Why I ... ... want to edit Britain's best student newspaper

July 9, 1999

Far too many people think that student newspapers are substandard rags full of inaccurate stories and out-of-date gossip. As the editor of Liverpool's newest student publication I want to challenge that image.

To create Liverpool Student, four publications have been scrapped including the 63-year-old Liverpool Gazette and Sphinx magazine, which after 103 years of existence had become an integral part of Liverpool's Guild of Students. Shout magazine has also been swallowed up, even though it recently won a Guardian/NUS design award.

Years of planning by the student unions of Liverpool University, Liverpool Hope University College and Liverpool John Moores University have culminated in a blueprint for a superpaper. We plan to take on the current market leader in the world of student newspapers, Leeds Student, as well as compete with Manchester's Student Direct and the London Student - both city-wide publications with high print runs.

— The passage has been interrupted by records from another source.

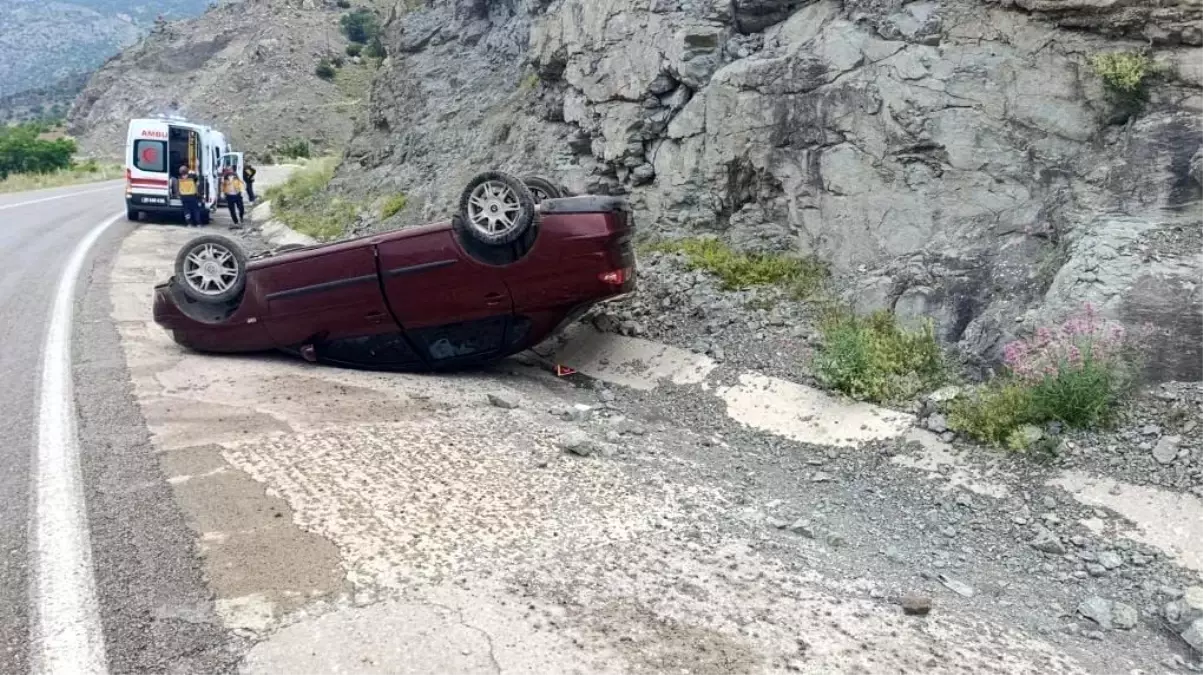 Gümüşhane'de Trafik Kazası Sonucu 3 Kişi Yaralandı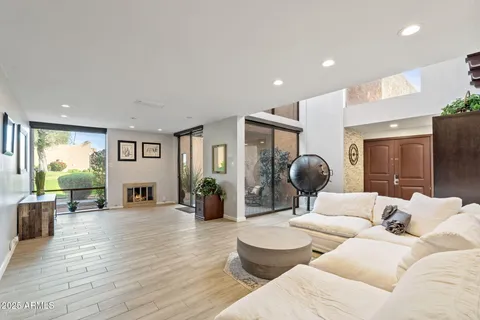 $575,000 | 7401 North Scottsdale Road, Unit 24, Paradise Valley, AZ 85253
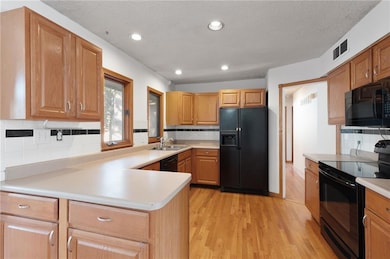 9344 Hardy Dr, Overland Park, KS 66212 - photo 7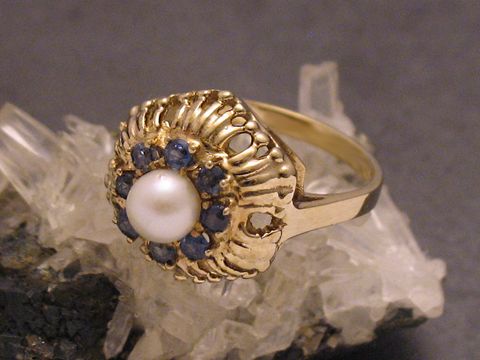 Goldring in königlichem Design aus Gold 333 mit Safiren und Zuchtperle, Größe 55,5, Hersteller: Juwelier Harnisch, bis Größe 56/18.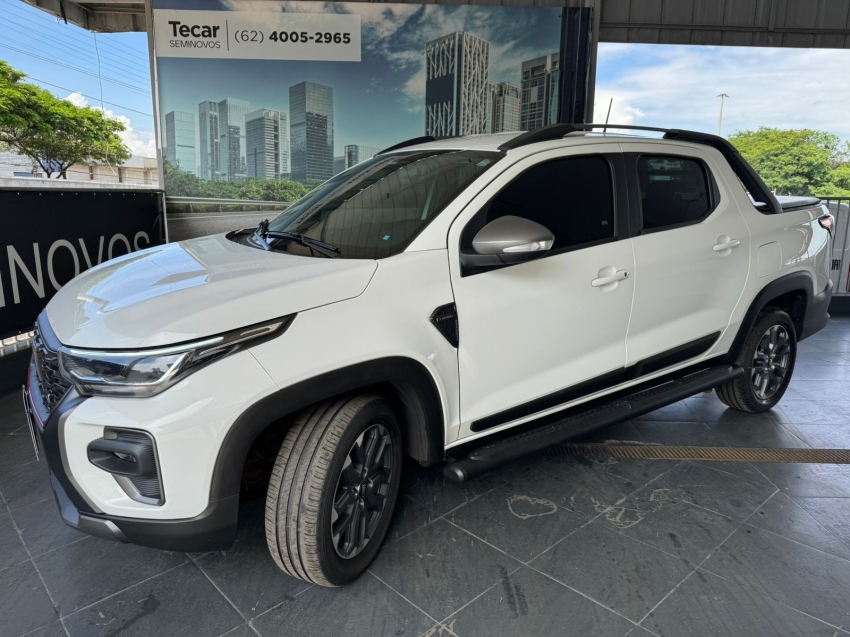 fiat strada 1.0 turbo 200 flex ultra cd cvt 4p automatico 2025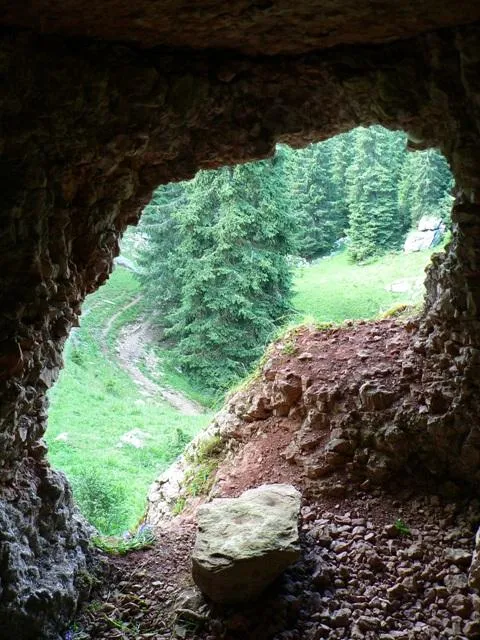 Monte Castelgomberto - postazioni ricavate nella roccia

We're hoping for a circulation of 12,000-15,000.

The merger will not only increase our advertising revenue, it will also reduce the competition for big stories between Liverpool's publications. There was always a lot of duplication of material - once, three student papers ran the same interview with Liverpool pop band Space in the same week.

The paper will not be dominated by any one university. I graduated last year from Liverpool University, where I edited the

Liverpool Gazette, but there are satellite

editors at the other universities who will work alongside a full complement of section editors. Although that sounds like an awful lot of editors, we thought if we gave

everyone a title we would get more work

out of them. When the paper is up and

running, we hope to have between 50 and 100 writers.

We're going to start off quite small - 24 pages. By learning from the mistakes we have seen other student papers make, we hope that the newspaper will soon be self-

sufficient as well as award-winning.

With poor resources and no full-time

staff, student publications are often a

permanent struggle for everyone involved - I know from experience. But I am confident that in a few years the Liverpool Student will be the benchmark for success in student media.